Uptown Art is one of the first businesses of its kind in Bellingham.
It is not a restaurant or an art studio. It falls somewhere in the middle; a studio that serves beer and wine as well as a place for people to come and socialize while painting, said Uptown Art owner Robert Mishkin.
“It attracts someone looking for something to do in the evening that’s different,” Mishkin said. “We’re not a bar. We’re not a nightclub. [People] are coming out to do something creative and fun.”
The business model is not anything new. The “paint ‘n’ sip” business originally started in New Orleans after Hurricane Katrina.
“The city was devastated and two women tried to do something to pull the city together,” Mishkin said. “The women found an open place and decided to do painting and serve wine.
“People come in sometimes apprehensive. They haven’t touched a paintbrush in decades, but someone coerced them to come here. They sit down, they open up and they leave with a painting. It’s a nice feeling.”
The business spread from there.
The popularity started in the south then slowly to the rest of the United States. It is a booming business with more than 1,000 different locations around the country.
Mishkin was introduced to this business idea when his girlfriend at the time persuaded him to attend a “paint ‘n’ sip” event in Tennessee. When he left, he brought the business with him to Bellingham three years ago.

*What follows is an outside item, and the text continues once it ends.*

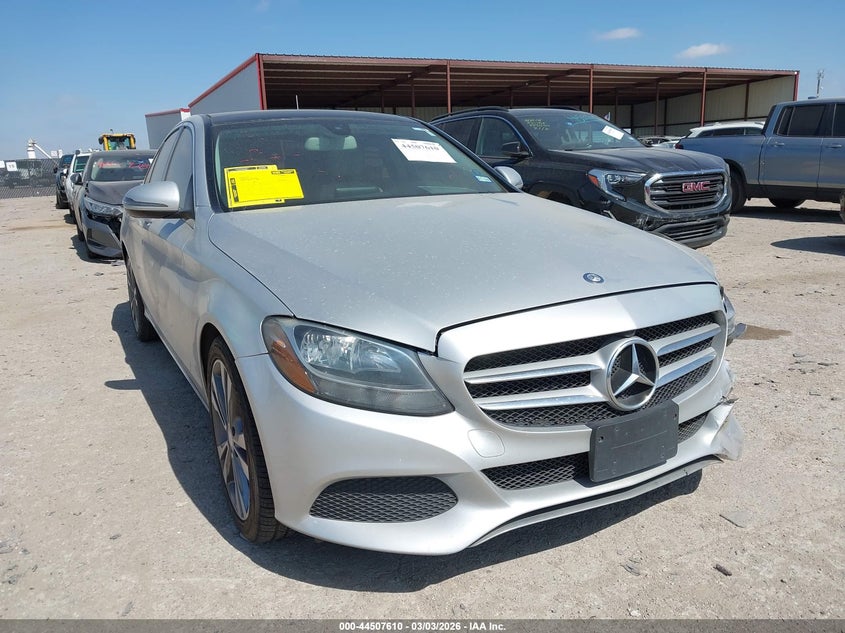 55SWF4JBXHU184844 2017 Mercedes-Benz C 300 auction photo 1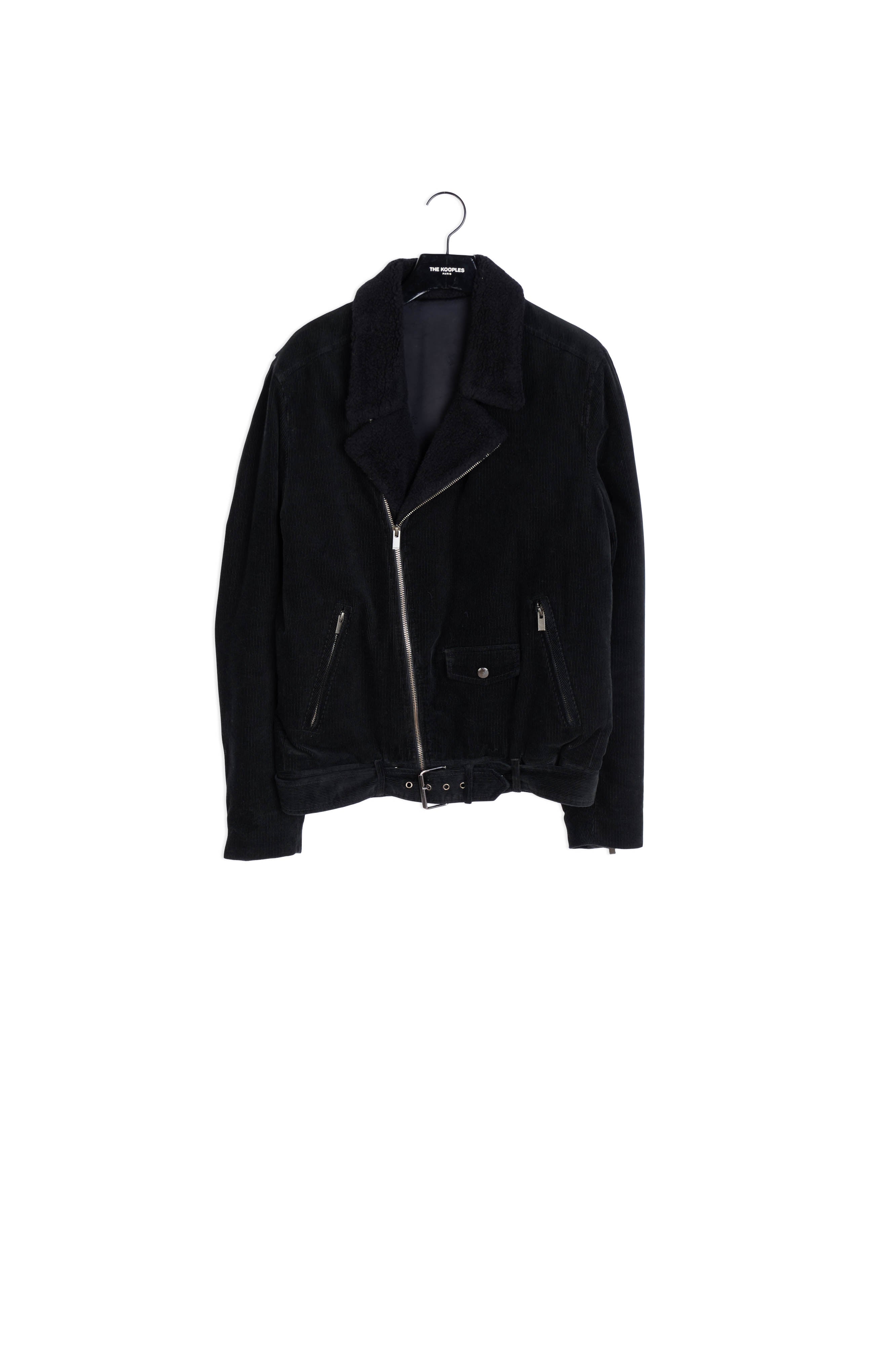 Veste noir Faume - seconde main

“It was a challenge getting people to understand what we do [in the beginning]. Now it’s much easier,” Mishkin said.
The business model is successful, but it does come with a challenging set of circumstances. For Mishkin, one of the most difficult parts is the legislation surrounding the business licenses that places like Uptown Art use.
Washington has three types of licenses available for this type of business, and Uptown Art does not fit any of them.
The restaurant classification does allow people of all ages to come in.
Vicki Opsata has been to Uptown Art three times. After taking part in the classes offered, she started to buy art supplies and explore art as a pastime. She prefers how the classes because they made her feel more prepared to be creative.
“It freed me up to think I could do more art rather than feeling like it has to be perfect,” Opsata said. “It’s freeing. It’s an artistic outlet, so it opened me up to other art mediums.”
Robbine Waters is an Uptown Art newcomer and has been to the studio twice. Viewing it as a creative outlet, she continues to attend the classes offered because of the sense of accomplishment she feels after finishing a piece.
“I’m analytical, so this is like flipping the switch. It’s just neat to let your hair down,” Waters said.
Mishkin is rewarded with the accomplishments of Uptown Art patrons.
“We leave every night feeling we’ve done something good,” Mishkin said. “People come in sometimes apprehensive. They haven’t touched a paintbrush in decades, but someone coerced them to come here. They sit down, they open up and they leave with a painting. It’s a nice feeling.”
The next class offered is Friday, Feb. 3, 6:30-9:30 p.m.